Read The Memory of Love Online
Authors: Aminatta Forna
He presses a beer can against his forehead, feels the cool seep through his body. Six o’clock. The day is over.
CHAPTER 19
‘What’s the time, please?’
Elias Cole was asleep when Adrian arrived, his eyelids fractionally open. For once his breathing was inaudible, causing a momentary hesitation in Adrian accompanied by a double beat of his heart. Of death, he had no experience, except that of his own father. Pneumonia, the official version. It had been a slow death, an awkward lingering. Adrian knew enough to know how these matters were generally handled. A dose of penicillin withheld, the gentle, cold kiss of the morphine needle. By the time Adrian arrived the bed sheets had already been changed. All the time his father was in the home, Adrian chided himself for not visiting more often. Not for his father, who barely recognised him. Or for his mother, who believed, or maintained, that Adrian’s job was extremely demanding. But for himself. He knew he’d regret it. He chided himself. He’d done it anyway.

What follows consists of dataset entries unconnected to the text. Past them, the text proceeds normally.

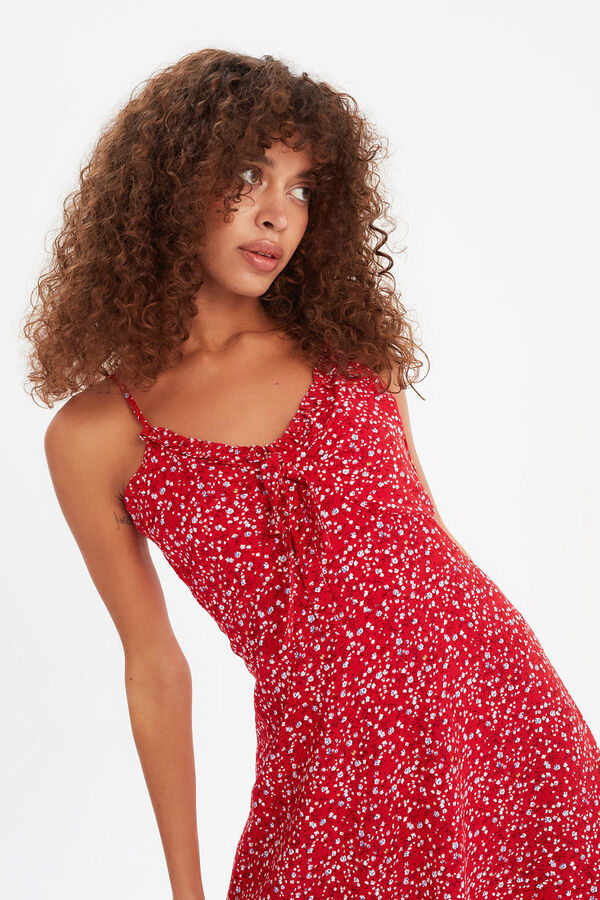 Trendyol Vestido curto de al&ccedil;as vermelho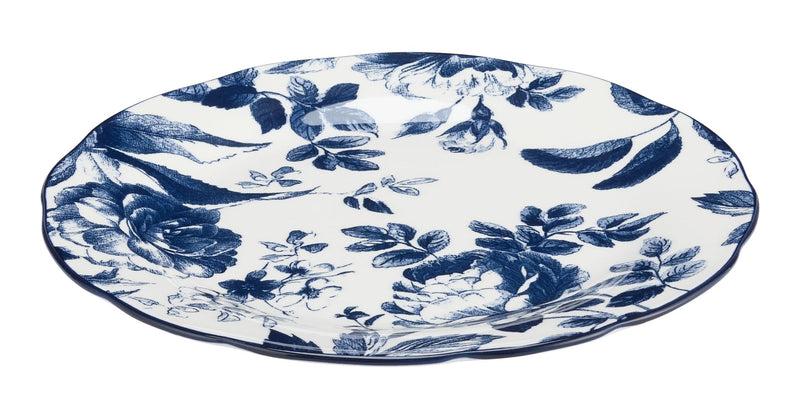 Augusta Stoneware Dinner Plate, 1-pc, White/Blue Floral P0148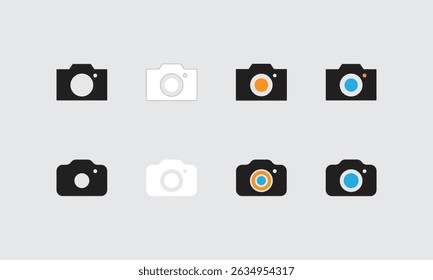 Camera Icon Set Vector Art and Illustration. These icons convey clarity, focus, and creativity. The balance of simplicity and color makes them suitable for both professional and playful use.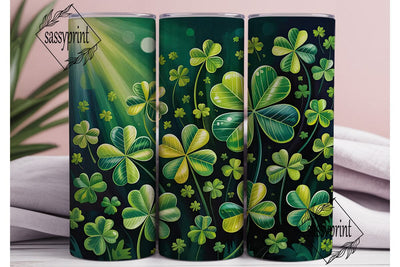 Lucky Clover Glow 20oz Tumbler Wrap Sublimation sassyprint 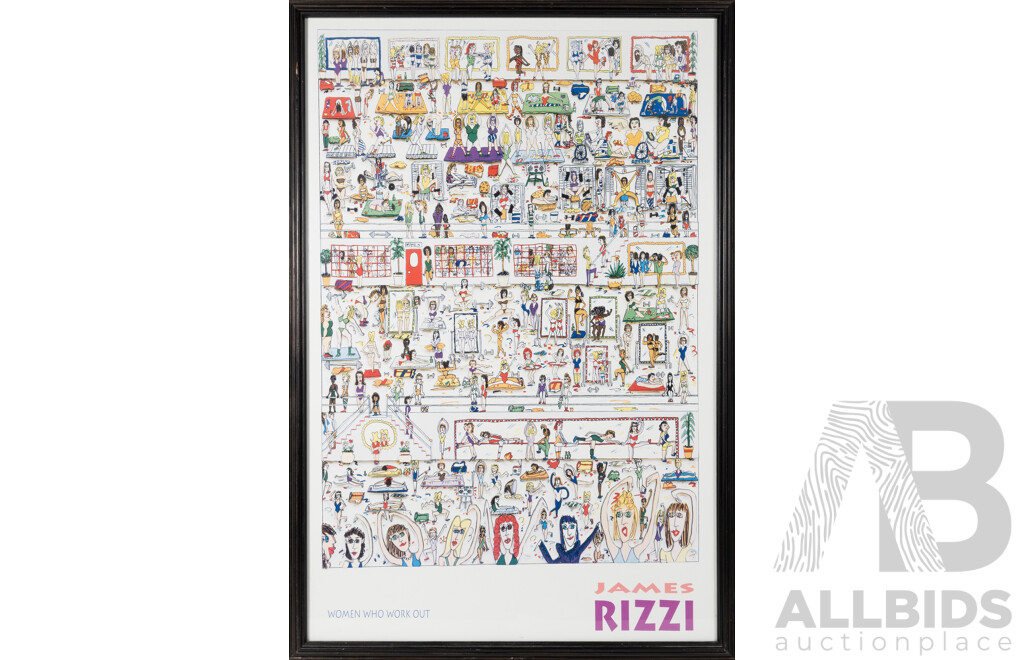 James Rizzi, (20th Century, American, 1950-2011), Women Who Work Out, (1989), Three-dimensional Colour Litho Print, 80 x 54 cm (frame)
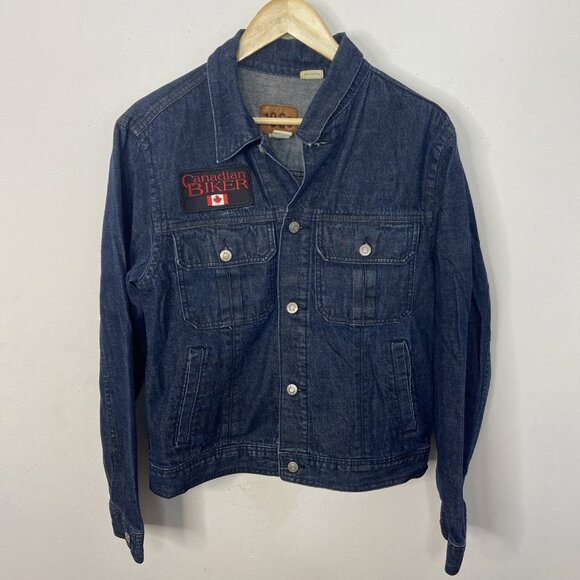 Gap 1969 Men M Canadian Biker Patches Jean Jacket Ncom National Coalition - Picture 1 of 7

Adrian walks to the window and draws the curtain against the sunlight.
‘It’s two o’clock.’
He helps the old man to a glass of water. From elsewhere the sound of the expatriate medical staff singing ‘Happy Birthday’ to a German colleague. Minutes before Adrian had stood with them in the staff room, sipping vinegary, dusty wine. He’d slipped away before the cutting of the cake.
Adrian sits, the other man’s eyes upon him. ‘You told me people often wondered what Julius saw in you.’
‘Yes.’
‘And that you yourself often wondered the same thing.’
‘I have no illusions.’
‘But what did you see in him, in Julius?’
‘I saw Saffia. Nothing but Saffia.’
*
20 July 1969. The Sea of Tranquillity.
It was all done for the Americans, of course. So they could take the afternoon off and watch at home with beer and barbecues. It was, after all, their money, their president, their rocket, their show. They were the winners. The rest of the world could but watch. The American Embassy on my way to the Ocean Club was alive with light and noise, dignitaries arriving by the score. The Soviet Embassy by contrast was closed and dark, a house of mourning. Winner takes all. The Soviets had even lost the loyalty of an insignificant state such as ours. Our Prime Minister – or was that the year he made himself President? Our President was at that moment rubbing shoulders with the Americans, basking in their glory, despite years of Soviet munificence.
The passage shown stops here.